We stress that these re-learning procedures, while a substantial improvement, are themselves not entirely immune from producing surprising and potentially misleading results even when permutations are used to construct a new model. Very recent work has demonstrated that even though it seems quite unintuitive to think that a permuted feature could substantially improve predictive performance, such an outcome is possible in low signal settings (Mentch and Zhou 2020). In light of this, we therefore see a condition-and-relearn approach—in which we both replace the feature values under investigation with samples generated conditional on the remaining features and construct a new model—as essentially the gold standard for evaluating feature importance.
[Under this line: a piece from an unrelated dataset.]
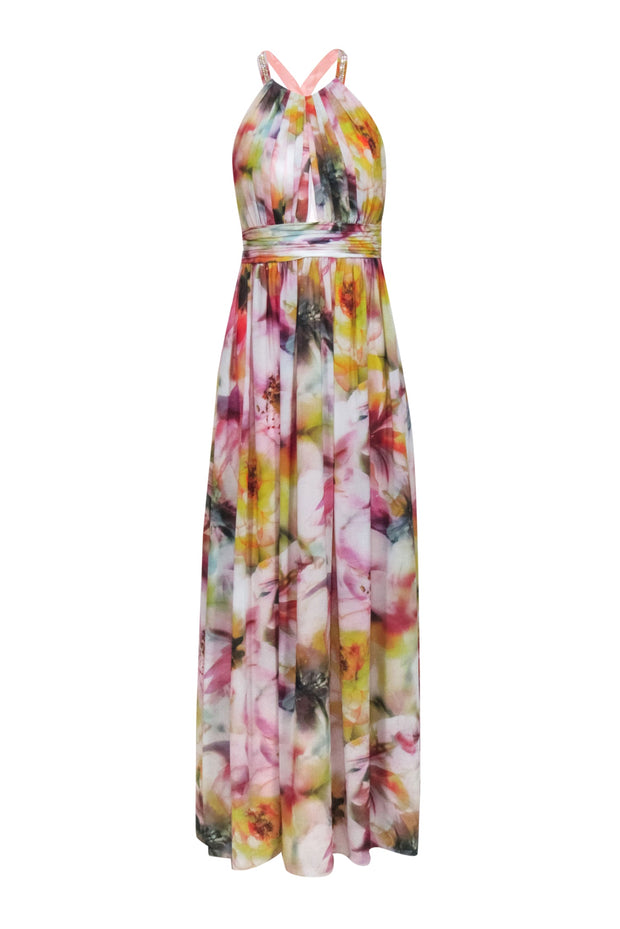 Current Boutique-Cache - Pink & Multi Color Floral Print Maxi Formal Dress Sz 4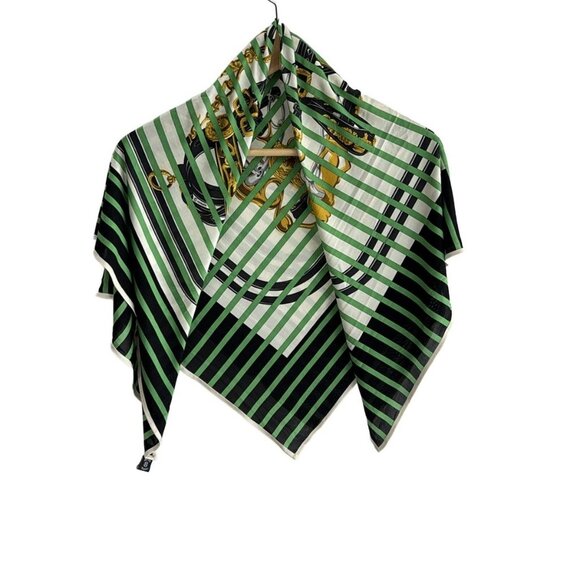 Auth HERMES Carre 90 - Cream Black Multi Scarf - Picture 1 of 4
Put simply, we argue that procedures that involve conditioning on the remaining features (rather than simply permuting) or rebuilding the model are both substantial improvements over more classical “permute-and-predict” approaches, but ideally procedures should do both.

This paper focuses specifically on permutation methods and variants of it that can be applied to either the learned model, or the learning algorithm that generated it, in the spirit of staying within the algorithm class (Fisher et al. 2019). However, these are not the only ways to try to understand the output of machine learning. Our explanations of the poor behavior of permute-and-predict methods are traced to Hooker (2007) where Breiman’s variable importance methods were examined in the context of a functional ANOVA decomposition

$$\begin{aligned} f(\varvec{x}) =&f_0 + f_1(x_1) + \cdots + f_p(x_p) \nonumber \\&+ \sum _{i < j} f_{ij}(x_i,x_j) + \cdots \end{aligned}$$

with the individual effects \(f_{u}\), for a collection of covariate indices u defined by averaging over the remaining features. Here, permutate-and-predict variable importance can be equated to Sobol indices (Sobol 1993) when all the features are independent (see Roosen 1995, for an early exploration of these tools for interpreting machine learning functions). Hooker (2007) proposed a generalization of this expansion to any distribution over the features, with the purpose of avoiding extrapolation. Similar results to the generalized functional ANOVA can be obtained by approximating a black box function in terms of additive models, described as model distillation in Tan et al. (2018b). However, implementing these ideas is not as straightforward as the methods we discuss here.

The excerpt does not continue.